◆ Assignment ◆
Should the listing contain images, exclude them; give the rest again exactly.

━━ Records for processing

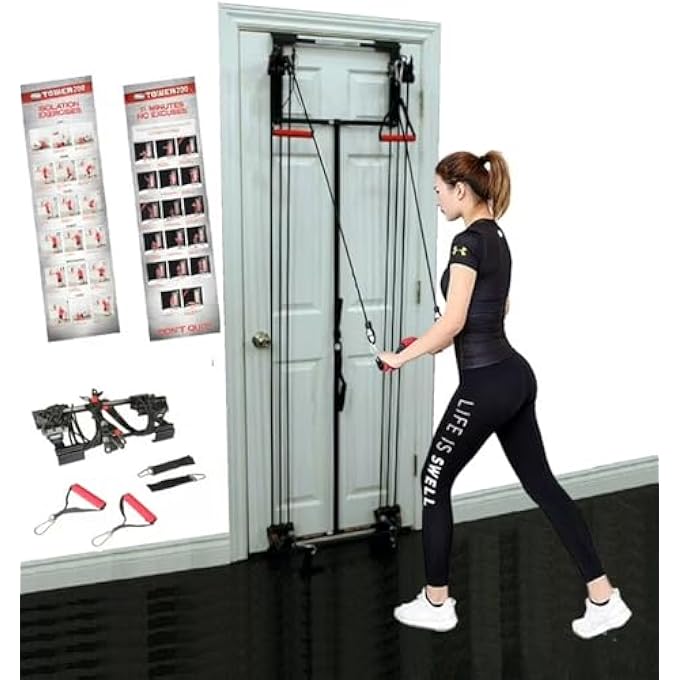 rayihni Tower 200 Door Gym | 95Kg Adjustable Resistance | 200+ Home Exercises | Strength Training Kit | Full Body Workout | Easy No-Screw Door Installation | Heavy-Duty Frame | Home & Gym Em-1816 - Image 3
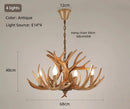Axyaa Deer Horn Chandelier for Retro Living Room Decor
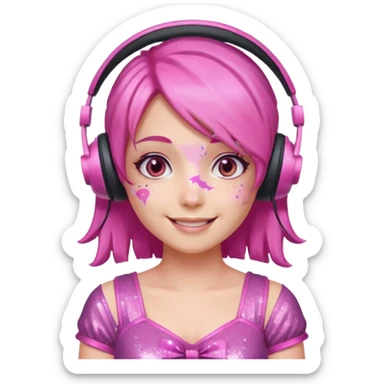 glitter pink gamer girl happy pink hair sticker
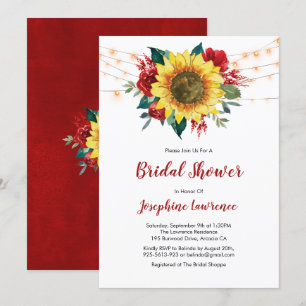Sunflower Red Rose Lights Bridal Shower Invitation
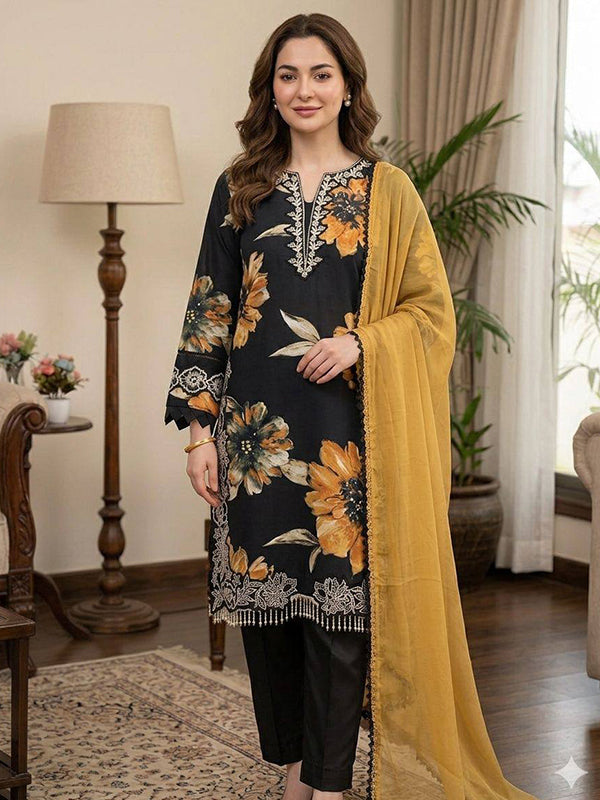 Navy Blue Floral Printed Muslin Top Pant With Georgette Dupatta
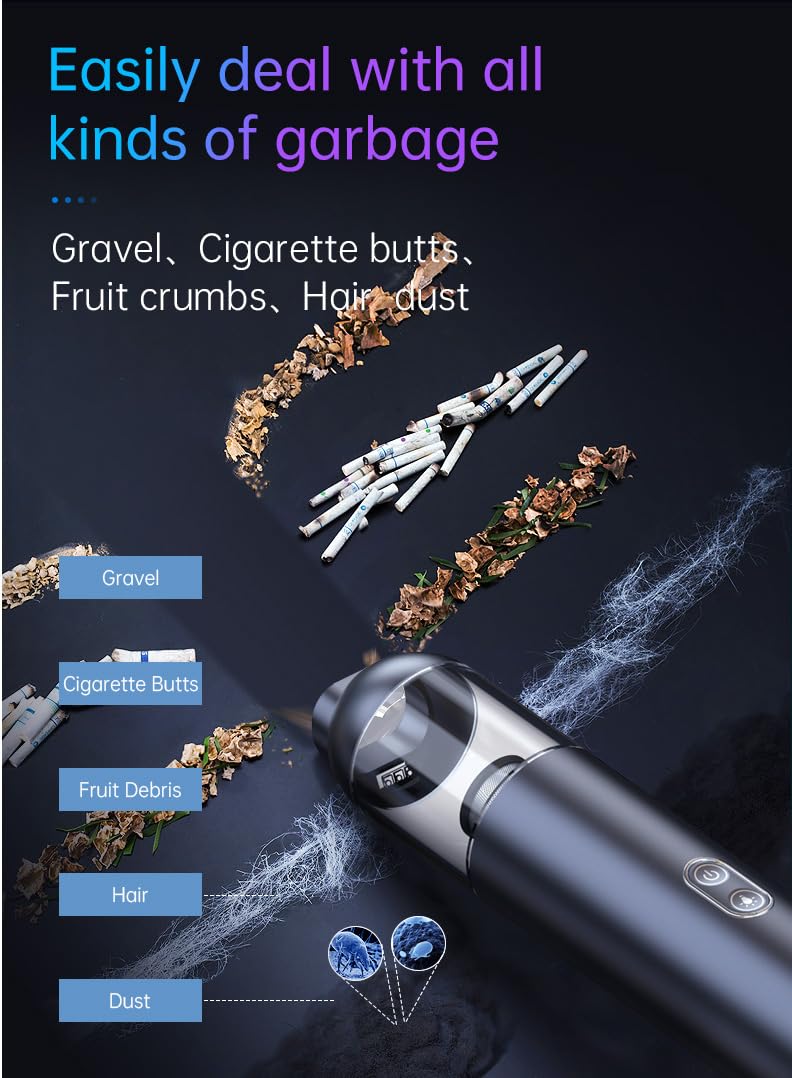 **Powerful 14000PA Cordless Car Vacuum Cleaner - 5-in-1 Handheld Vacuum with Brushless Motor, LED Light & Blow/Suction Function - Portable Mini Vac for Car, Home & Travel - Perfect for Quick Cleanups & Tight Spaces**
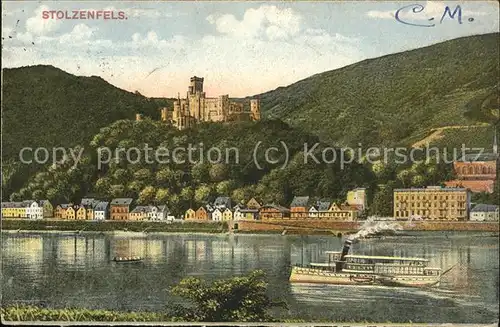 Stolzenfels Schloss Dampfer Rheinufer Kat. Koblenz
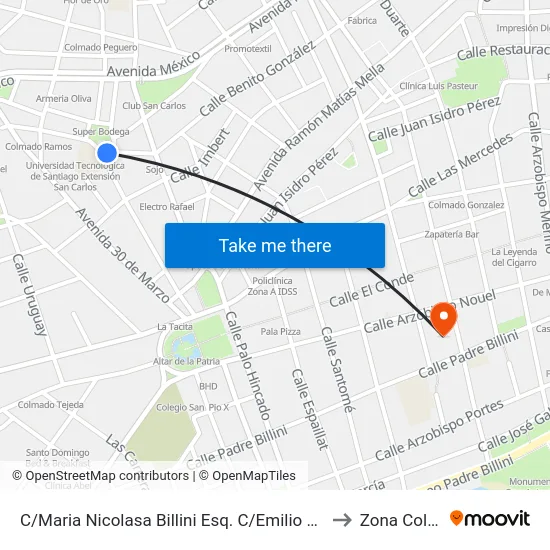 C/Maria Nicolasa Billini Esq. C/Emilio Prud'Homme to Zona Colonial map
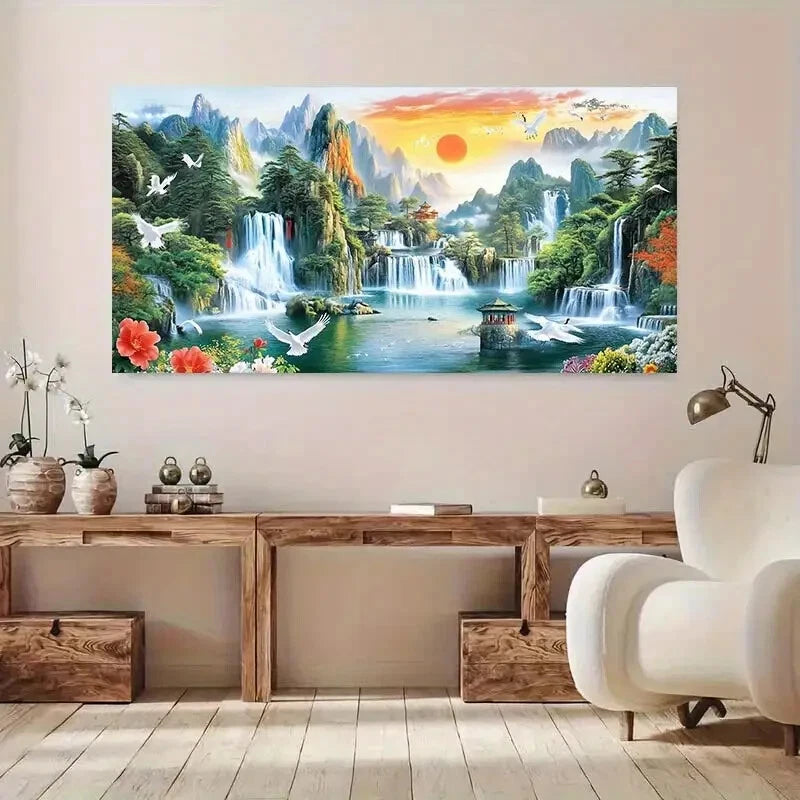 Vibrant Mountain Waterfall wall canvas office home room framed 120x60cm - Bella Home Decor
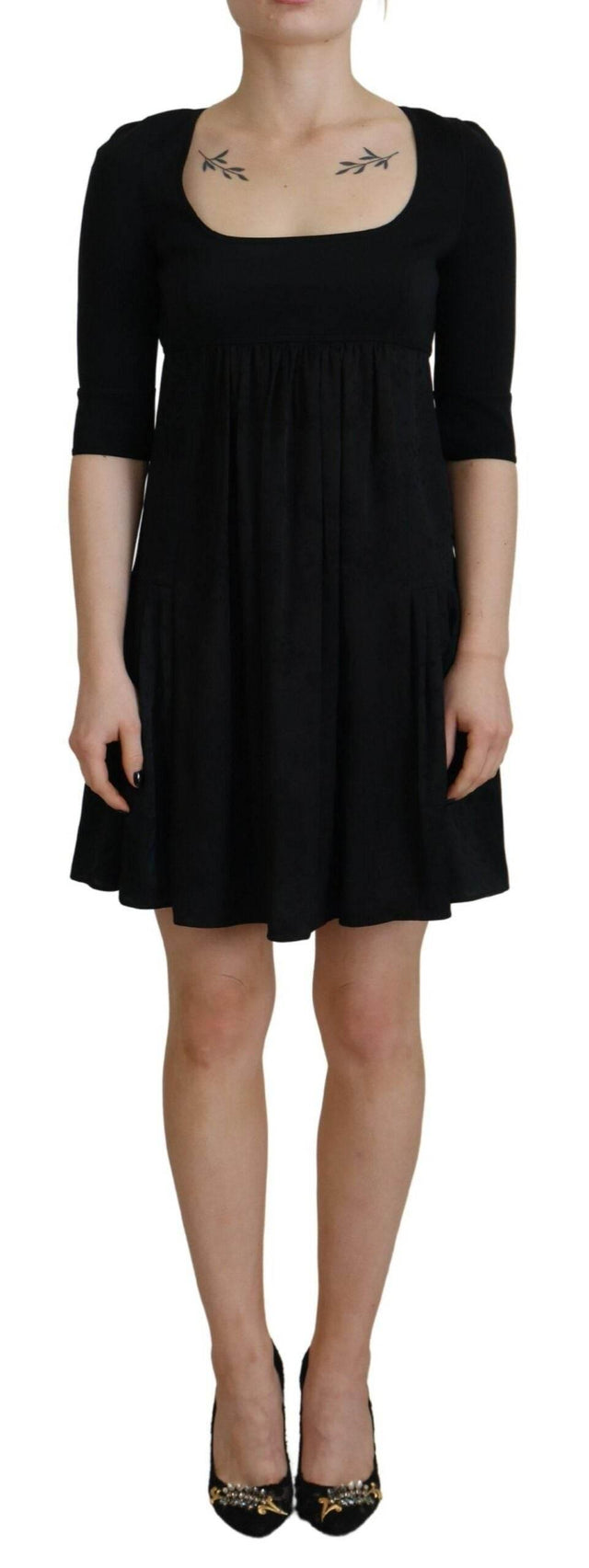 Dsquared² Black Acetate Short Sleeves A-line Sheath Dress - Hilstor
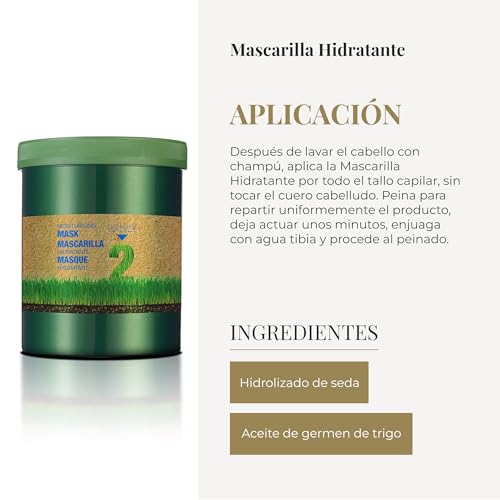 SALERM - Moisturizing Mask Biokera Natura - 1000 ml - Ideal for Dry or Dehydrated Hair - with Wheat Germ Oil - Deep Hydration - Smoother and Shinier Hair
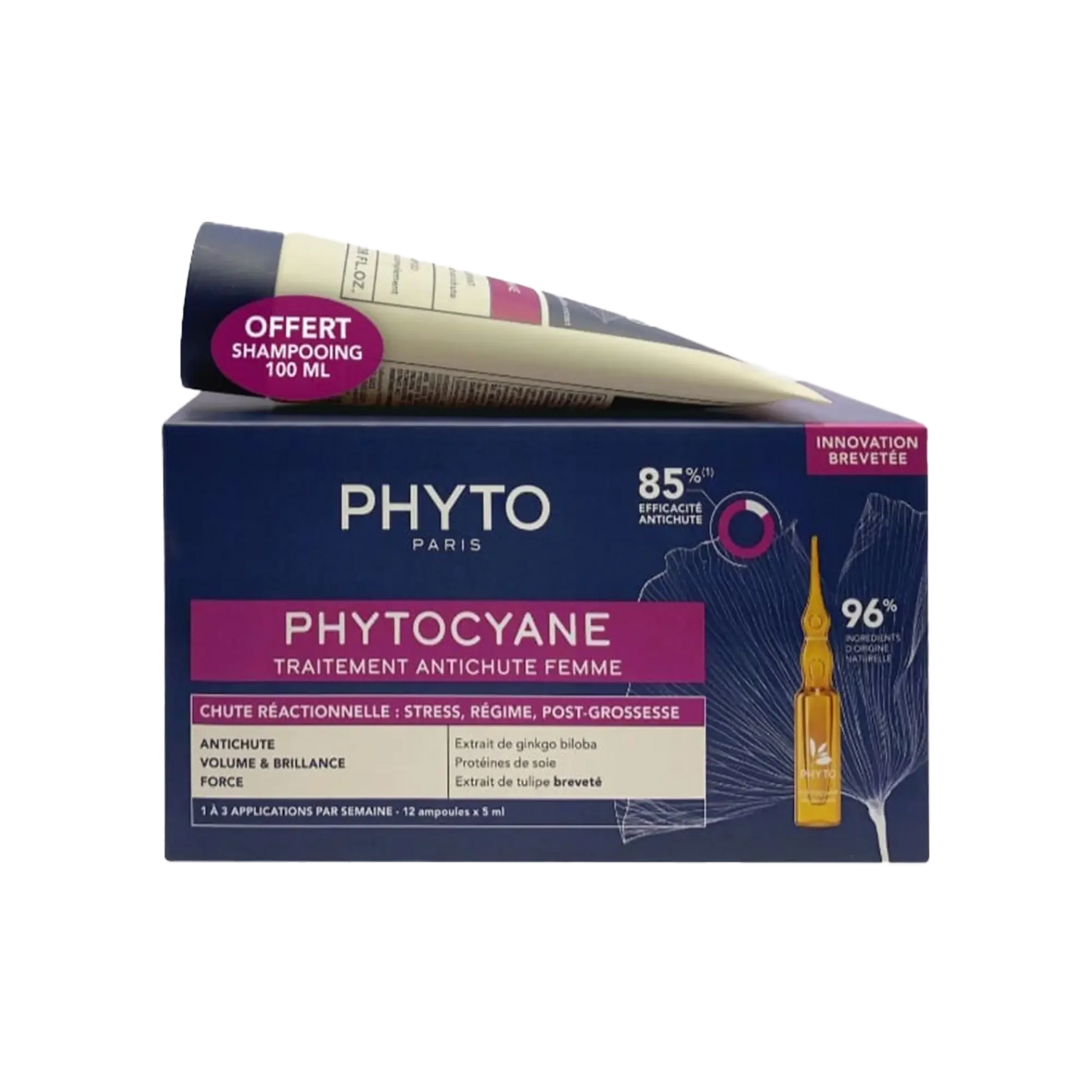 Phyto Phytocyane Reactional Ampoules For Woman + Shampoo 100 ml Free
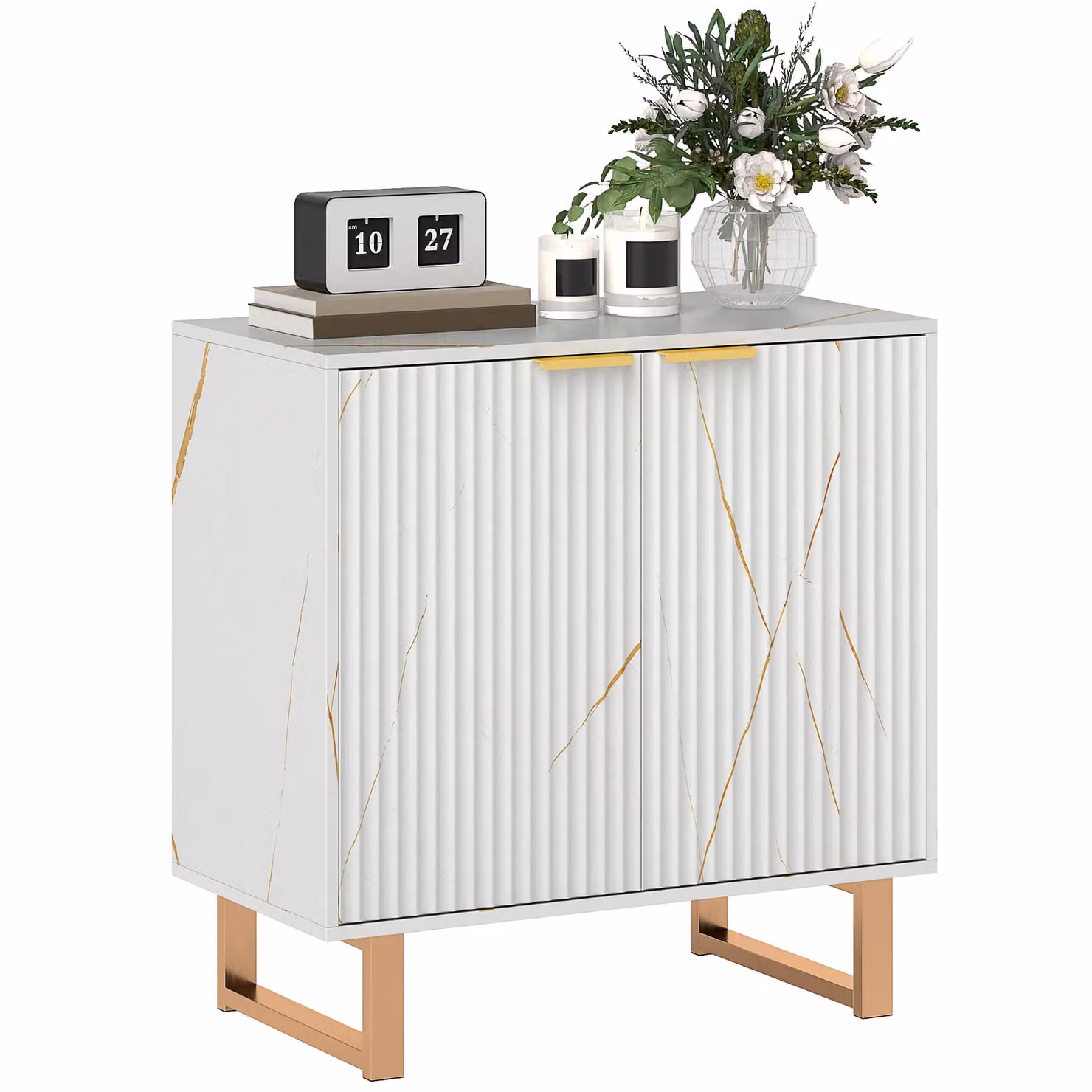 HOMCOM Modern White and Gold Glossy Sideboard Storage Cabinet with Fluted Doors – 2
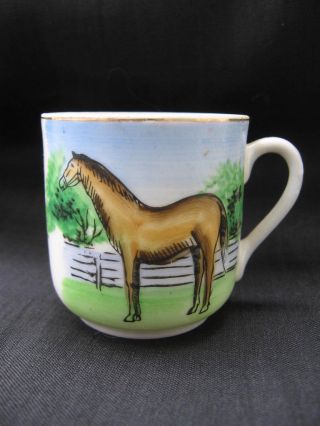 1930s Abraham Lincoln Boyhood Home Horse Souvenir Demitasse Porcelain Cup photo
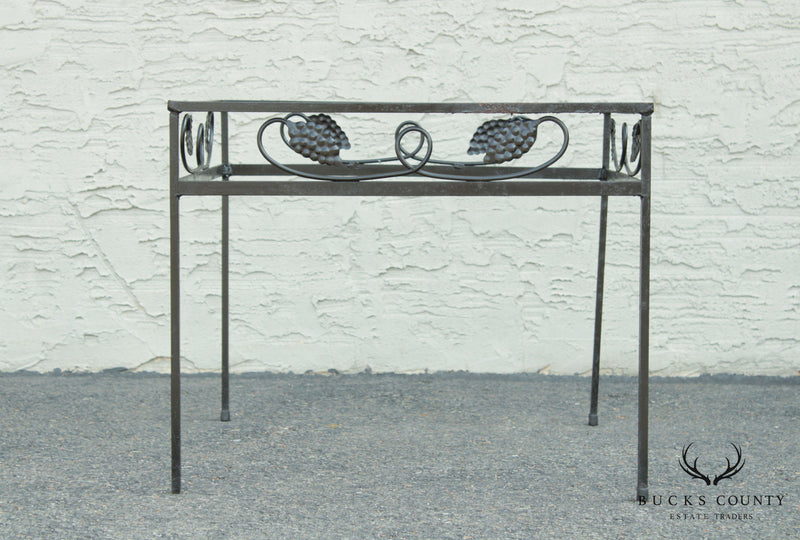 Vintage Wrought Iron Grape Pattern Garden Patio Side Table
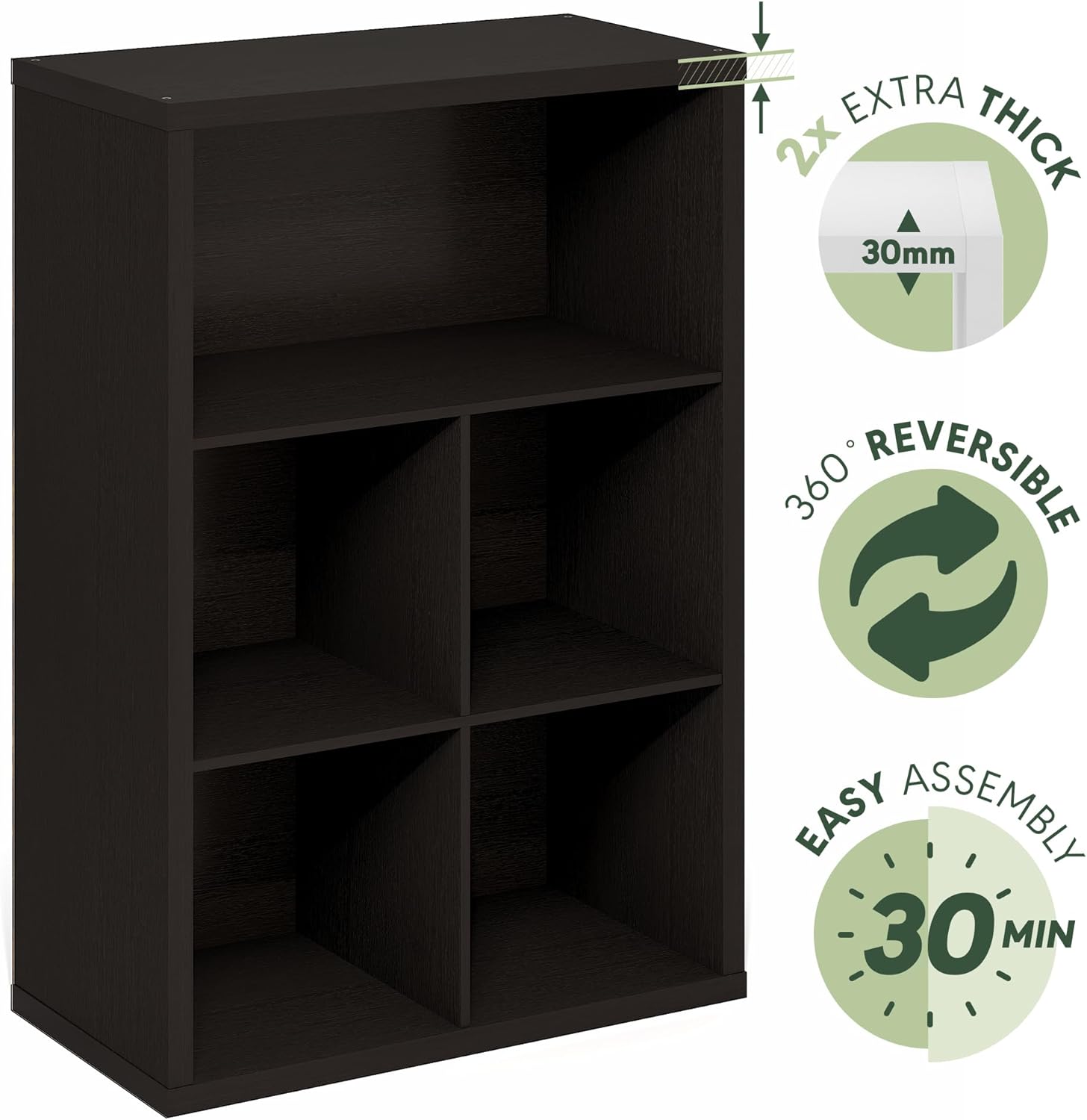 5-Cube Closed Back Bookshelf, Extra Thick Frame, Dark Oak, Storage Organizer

━━━━

◆ Output of the task ◆
 rayihni Tower 200 Door Gym | 95Kg Adjustable Resistance | 200+ Home Exercises | Strength Training Kit | Full Body Workout | Easy No-Screw Door Installation | Heavy-Duty Frame | Home & Gym Em-1816 - Image 3
Axyaa Deer Horn Chandelier for Retro Living Room Decor
 glitter pink gamer girl happy pink hair sticker
Sunflower Red Rose Lights Bridal Shower Invitation
 Navy Blue Floral Printed Muslin Top Pant With Georgette Dupatta
 **Powerful 14000PA Cordless Car Vacuum Cleaner - 5-in-1 Handheld Vacuum with Brushless Motor, LED Light & Blow/Suction Function - Portable Mini Vac for Car, Home & Travel - Perfect for Quick Cleanups & Tight Spaces**
 Stolzenfels Schloss Dampfer Rheinufer Kat. Koblenz
 C/Maria Nicolasa Billini Esq. C/Emilio Prud'Homme to Zona Colonial map
 Vibrant Mountain Waterfall wall canvas office home room framed 120x60cm - Bella Home Decor
 Dsquared² Black Acetate Short Sleeves A-line Sheath Dress - Hilstor
 SALERM - Moisturizing Mask Biokera Natura - 1000 ml - Ideal for Dry or Dehydrated Hair - with Wheat Germ Oil - Deep Hydration - Smoother and Shinier Hair
 Phyto Phytocyane Reactional Ampoules For Woman + Shampoo 100 ml Free
 HOMCOM Modern White and Gold Glossy Sideboard Storage Cabinet with Fluted Doors – 2
 1930s Abraham Lincoln Boyhood Home Horse Souvenir Demitasse Porcelain Cup photo
 Vintage Wrought Iron Grape Pattern Garden Patio Side Table
 5-Cube Closed Back Bookshelf, Extra Thick Frame, Dark Oak, Storage Organizer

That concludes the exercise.